Contexto e justificativa
A relatora da proposta, senadora Soraya Thronicke, destacou que a misoginia é uma das raízes da violência contra a mulher e precisa ser combatida desde suas manifestações iniciais, como ofensas e discursos de ódio.
A misoginia se traduz no ódio, na aversão, no desprezo extremo às mulheres, muitas vezes manifestado por meio de violência física, psicológica e difamação, bem como injúria. É uma forma mais extrema de sexismo. Exemplo: ‘Saia daqui, senadora Soraya, porque lugar de mulher é na cozinha. Some daqui’. Isso é uma atitude misógina.
Dados apresentados durante a tramitação do projeto indicam que a violência contra mulheres permanece em níveis elevados no país, com milhares de registros de tentativa de feminicídio, estupro e agressão.

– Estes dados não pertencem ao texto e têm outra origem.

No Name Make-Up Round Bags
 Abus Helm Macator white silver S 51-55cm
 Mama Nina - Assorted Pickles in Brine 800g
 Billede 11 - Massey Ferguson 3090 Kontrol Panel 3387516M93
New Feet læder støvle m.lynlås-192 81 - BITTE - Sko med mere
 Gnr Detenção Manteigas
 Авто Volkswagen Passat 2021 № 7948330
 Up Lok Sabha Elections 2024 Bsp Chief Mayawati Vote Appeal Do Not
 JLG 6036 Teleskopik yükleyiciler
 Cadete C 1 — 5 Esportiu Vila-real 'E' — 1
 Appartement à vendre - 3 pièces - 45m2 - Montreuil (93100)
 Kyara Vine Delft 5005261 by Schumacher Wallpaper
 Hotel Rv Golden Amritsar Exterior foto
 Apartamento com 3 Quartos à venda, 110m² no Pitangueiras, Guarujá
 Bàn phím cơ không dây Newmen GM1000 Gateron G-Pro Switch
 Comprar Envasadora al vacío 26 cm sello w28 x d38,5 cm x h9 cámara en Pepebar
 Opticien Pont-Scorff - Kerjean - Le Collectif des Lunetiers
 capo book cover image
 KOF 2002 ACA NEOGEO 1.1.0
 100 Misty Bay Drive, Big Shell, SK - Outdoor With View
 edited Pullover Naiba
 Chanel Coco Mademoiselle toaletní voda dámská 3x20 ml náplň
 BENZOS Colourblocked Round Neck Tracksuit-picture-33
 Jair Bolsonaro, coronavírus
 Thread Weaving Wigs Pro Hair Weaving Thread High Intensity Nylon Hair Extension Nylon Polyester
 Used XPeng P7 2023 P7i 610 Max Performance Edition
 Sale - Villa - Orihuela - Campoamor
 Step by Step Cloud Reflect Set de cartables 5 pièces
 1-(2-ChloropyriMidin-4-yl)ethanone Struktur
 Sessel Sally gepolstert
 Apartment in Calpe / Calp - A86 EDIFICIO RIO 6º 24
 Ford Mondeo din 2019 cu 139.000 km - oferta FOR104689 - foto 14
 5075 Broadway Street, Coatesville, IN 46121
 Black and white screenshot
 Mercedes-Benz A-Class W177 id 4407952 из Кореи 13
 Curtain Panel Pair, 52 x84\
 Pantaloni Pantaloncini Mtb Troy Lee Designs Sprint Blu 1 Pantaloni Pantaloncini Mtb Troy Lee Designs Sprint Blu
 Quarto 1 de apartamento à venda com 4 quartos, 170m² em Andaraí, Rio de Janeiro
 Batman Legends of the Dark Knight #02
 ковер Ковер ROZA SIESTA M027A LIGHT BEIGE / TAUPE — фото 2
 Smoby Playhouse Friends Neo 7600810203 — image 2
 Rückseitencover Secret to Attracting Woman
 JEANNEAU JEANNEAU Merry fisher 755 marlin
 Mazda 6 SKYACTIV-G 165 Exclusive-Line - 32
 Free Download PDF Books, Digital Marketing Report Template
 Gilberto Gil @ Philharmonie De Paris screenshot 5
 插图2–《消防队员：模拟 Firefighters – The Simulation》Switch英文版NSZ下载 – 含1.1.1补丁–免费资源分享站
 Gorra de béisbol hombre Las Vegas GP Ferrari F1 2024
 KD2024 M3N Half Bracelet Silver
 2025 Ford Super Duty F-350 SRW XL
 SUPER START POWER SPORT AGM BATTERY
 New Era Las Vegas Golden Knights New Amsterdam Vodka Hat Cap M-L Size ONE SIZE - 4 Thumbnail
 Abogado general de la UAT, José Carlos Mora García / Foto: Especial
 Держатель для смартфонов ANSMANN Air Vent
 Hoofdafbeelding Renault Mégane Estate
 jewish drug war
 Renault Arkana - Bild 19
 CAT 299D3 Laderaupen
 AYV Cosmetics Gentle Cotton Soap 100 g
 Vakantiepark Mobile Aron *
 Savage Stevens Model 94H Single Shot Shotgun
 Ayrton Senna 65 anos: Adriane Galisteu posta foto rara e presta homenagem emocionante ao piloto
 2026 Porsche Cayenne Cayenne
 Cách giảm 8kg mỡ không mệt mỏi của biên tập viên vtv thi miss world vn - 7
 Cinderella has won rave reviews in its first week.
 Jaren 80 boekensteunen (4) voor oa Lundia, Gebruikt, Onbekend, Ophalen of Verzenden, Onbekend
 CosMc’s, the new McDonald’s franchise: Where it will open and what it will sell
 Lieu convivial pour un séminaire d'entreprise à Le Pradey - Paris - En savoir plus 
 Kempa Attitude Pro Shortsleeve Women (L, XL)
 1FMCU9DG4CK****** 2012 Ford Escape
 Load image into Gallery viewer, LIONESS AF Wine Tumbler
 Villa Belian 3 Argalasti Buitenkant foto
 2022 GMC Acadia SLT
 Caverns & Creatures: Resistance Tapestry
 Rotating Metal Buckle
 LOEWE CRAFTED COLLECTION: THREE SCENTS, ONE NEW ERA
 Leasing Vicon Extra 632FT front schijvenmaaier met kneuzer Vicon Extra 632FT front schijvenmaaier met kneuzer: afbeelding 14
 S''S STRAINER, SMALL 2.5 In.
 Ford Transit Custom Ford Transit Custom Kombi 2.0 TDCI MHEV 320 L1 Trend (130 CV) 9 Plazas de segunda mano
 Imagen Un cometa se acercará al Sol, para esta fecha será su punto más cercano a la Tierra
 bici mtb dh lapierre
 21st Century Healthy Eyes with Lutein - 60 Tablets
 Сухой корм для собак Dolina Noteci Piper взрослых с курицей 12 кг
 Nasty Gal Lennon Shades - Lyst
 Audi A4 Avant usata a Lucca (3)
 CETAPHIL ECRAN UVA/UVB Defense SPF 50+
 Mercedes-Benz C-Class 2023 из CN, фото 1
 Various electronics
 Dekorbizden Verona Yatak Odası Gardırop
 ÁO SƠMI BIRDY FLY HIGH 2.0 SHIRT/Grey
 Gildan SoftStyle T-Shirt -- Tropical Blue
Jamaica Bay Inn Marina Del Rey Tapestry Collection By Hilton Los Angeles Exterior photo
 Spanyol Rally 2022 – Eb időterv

Segundo o Ministério da Justiça e Segurança Pública, em média, quatro mulheres são vítimas de feminicídio por dia no Brasil — um dado que reforça a gravidade do problema e a necessidade de medidas mais rigorosas.
Debate e divergências
Apesar da aprovação unânime no Senado, o projeto gerou debate entre parlamentares. Alguns demonstraram preocupação com possíveis impactos sobre a "liberdade de expressão", defendendo a inclusão de ressalvas para manifestações artísticas, religiosas ou acadêmicas — proposta que acabou rejeitada.
Próximos passos
O texto agora segue para análise da Câmara dos Deputados. Caso seja aprovado sem mudanças, poderá ser sancionado e virar lei, passando a integrar o ordenamento jurídico brasileiro.